The Washington Department of Fish and Wildlife's Tokul Creek Fish Hatchery blocks federally listed chinook salmon from reaching their spawning grounds, traps and kills juvenile and adult salmon, destroys naturally incubating chinook eggs, and damages salmon habitats in Tokul Creek, a critical chinook-spawning tributary of the Snoqualmie River. So says Washington Trout and Washington Public Employees for Environmental Responsibility, two regional environmental organizations that have filed a lawsuit in Seattle's Federal District Court to force WDFW to fix the hatchery.
Washington Trout and PEER are accusing the state agency of violating the Endangered Species Act at Tokul Creek by allowing their hatchery facility to harm and kill, or "take" Puget Sound chinook, listed as a Threatened species since 1999.
The hatchery is located at the confluence of Tokul Creek and the Snoqualmie River, just downstream of Snoqualmie Falls. The water-diversion dam that supplies creek-water to the hatchery blocks nearly all fish from passing upstream, confining spawning salmon, including Threatened chinook, to the lowest 1/3-mile of creek. To protect the hatchery grounds, riprap rocks armor one bank of the creek, constraining the creek against the base of the steep slope opposite the hatchery, contributing to a large landslide. Because the dam blocks their upstream progress, almost all chinook in Tokul Creek must spawn below the slide. During winter rains the landslide dumps silt into the stream, suffocating and destroying incubating chinook eggs.
Some fish can occasionally pass over the dam during very extreme - and infrequent - high-water events, and WDFW has recently been capturing and hand-transporting chinook around the dam. But the dam's water-intake is not adequately screened - a violation of the ESA and state law - and some of the transported fish have been drawn into it and killed.
An internal WDFW review of all its hatcheries, released in 1997, found that at least 38 hatcheries throughout the state have complete or partial fish-passage barriers associated with the facilities. Fish-passage barriers are specifically illegal under the ESA, and a violation of Washington law. Ironically, WDFW is the agency charged with enforcing the state law, and yet to date the department has not corrected any of the passage problems identified in the 1997 survey. In fact, the state has officially recognized the dam at Tokul Creek as the most problematic salmon blockage in the Snoqualmie watershed since 1994, without taking any corrective action.
"For years we've attempted to work with the Department, to help them find a solution at Tokul Creek," said Kurt Beardslee, Executive Director of Washington Trout. "So far, they've just made vague promises and zero progress. WDFW seems more concerned with producing hatchery steelhead and trout for sport-anglers than in protecting listed salmon."

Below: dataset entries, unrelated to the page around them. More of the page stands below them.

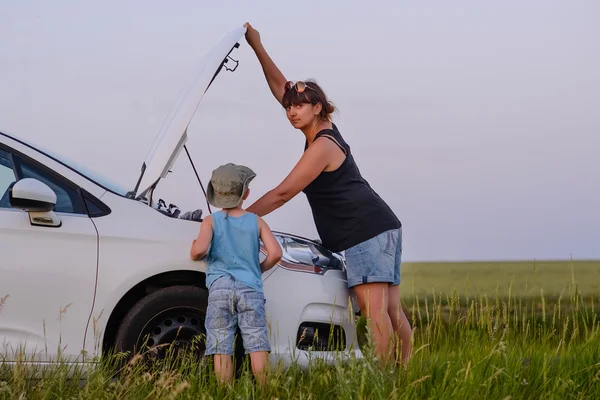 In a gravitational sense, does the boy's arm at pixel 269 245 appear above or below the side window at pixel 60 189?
below

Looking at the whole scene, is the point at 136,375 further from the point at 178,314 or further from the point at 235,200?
the point at 235,200

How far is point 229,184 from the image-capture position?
5.28 meters

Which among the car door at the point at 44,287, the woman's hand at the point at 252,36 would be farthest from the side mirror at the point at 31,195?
the woman's hand at the point at 252,36

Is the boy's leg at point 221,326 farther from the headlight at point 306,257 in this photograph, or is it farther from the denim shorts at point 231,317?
the headlight at point 306,257

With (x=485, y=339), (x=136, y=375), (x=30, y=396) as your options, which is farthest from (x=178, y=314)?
(x=485, y=339)

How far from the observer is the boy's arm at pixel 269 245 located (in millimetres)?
5293

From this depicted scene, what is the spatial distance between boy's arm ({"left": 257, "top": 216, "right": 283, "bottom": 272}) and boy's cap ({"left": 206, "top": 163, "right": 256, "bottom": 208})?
7.7 inches

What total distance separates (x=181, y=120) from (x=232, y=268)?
38.6 inches

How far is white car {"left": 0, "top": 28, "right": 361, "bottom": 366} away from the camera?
5398 millimetres

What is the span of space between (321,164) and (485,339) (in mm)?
1714

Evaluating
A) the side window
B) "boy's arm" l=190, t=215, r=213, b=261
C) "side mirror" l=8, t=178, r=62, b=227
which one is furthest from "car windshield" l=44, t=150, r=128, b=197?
"boy's arm" l=190, t=215, r=213, b=261

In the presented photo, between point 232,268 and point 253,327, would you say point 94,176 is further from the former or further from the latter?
point 253,327

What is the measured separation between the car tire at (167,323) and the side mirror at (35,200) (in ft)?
2.31

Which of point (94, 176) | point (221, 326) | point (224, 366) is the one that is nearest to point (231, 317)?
point (221, 326) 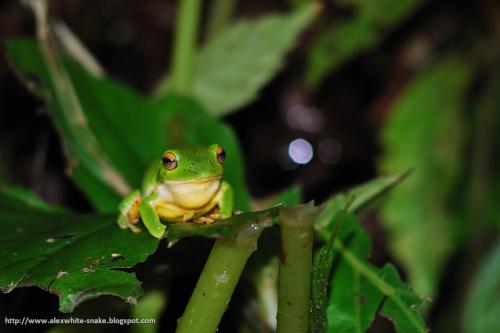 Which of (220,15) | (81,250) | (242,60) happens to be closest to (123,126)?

The Tokul Creek Hatchery produces ocean-migrating steelhead for sport harvest in the Snoqualmie and Skykomish Rivers, and freshwater trout for planting in mountain lakes, including non-native species like brook trout. Other than the hatchery steelhead, the Snoqualmie watershed is managed for all-wild fish, and Tokul may have been one of the most important chinook salmon streams in the system. During a multi-year study conducted by WDFW, Tokul Creek showed the highest density of spawning chinook of any tributary in the Snoqualmie Basin.

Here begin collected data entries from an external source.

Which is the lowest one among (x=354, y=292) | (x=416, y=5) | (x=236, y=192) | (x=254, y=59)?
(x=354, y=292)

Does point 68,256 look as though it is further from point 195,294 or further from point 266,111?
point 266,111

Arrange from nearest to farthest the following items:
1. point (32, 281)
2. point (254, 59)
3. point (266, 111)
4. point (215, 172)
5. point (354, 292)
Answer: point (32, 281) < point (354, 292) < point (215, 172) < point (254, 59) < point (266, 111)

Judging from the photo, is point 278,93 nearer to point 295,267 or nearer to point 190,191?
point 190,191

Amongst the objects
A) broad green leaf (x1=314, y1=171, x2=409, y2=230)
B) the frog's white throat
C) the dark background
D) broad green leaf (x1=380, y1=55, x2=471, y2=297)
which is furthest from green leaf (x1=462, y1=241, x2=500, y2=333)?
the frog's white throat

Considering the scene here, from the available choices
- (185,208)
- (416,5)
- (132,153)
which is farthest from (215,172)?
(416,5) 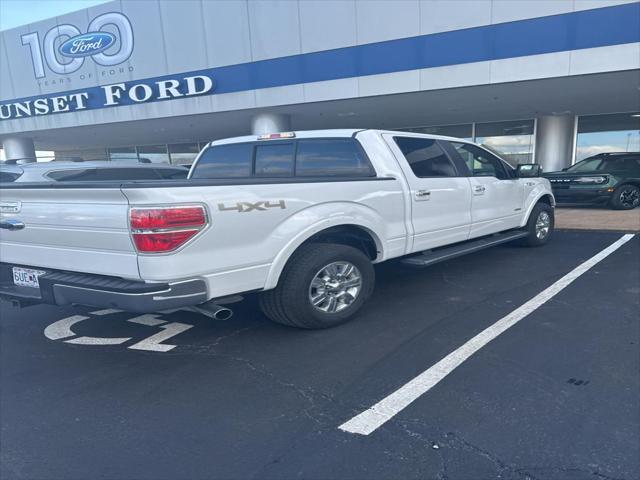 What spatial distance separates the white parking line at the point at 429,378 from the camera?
100 inches

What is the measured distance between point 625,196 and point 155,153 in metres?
25.9

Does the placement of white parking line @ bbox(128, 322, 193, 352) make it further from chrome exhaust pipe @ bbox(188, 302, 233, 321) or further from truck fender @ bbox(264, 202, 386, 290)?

In their complaint, Washington Trout and PEER allege that the diversion-dam, the water-intake, and the fill and bank armoring along the hatchery grounds are all harming listed salmon and violating the ESA. They ask the court to force WDFW to fix all three problems. They may file a preliminary motion to shut down the water-intake, so young chinook migrating to the ocean won't be sucked into it and killed.
The National Marine Fisheries Service listed Puget Sound chinook as Threatened in March 1999. Technically, the Tokul Creek Hatchery has been violating the ESA since January 2001, when NMFS adopted a "4d Rule," defining which activities illegally impact listed salmon. Since the 2000 spawning season, Washington Trout has attempted to cooperate with WDFW to mitigate the barrier problem, funding and helping to manage the project to transport salmon over the dam.
WDFW acknowledges the problems, and for several years has said it is exploring ways to permanently fix the barrier and water intake, including most recently seeking funding from the Army Corps of Engineers. Washington Trout and PEER are proceeding with their lawsuit now because WDFW has offered no firm timetable for fixing the problems at the hatchery, and because the agency has refused to prioritize the protection of Threatened chinook over hatchery-produced game fish.
"Under WDFW's current approach, hatchery reform means hatchery remodel," said Washington PEER Director Lea Mitchell. "their approach will cost more, take longer, and it fails to immediately eliminate the ESA take."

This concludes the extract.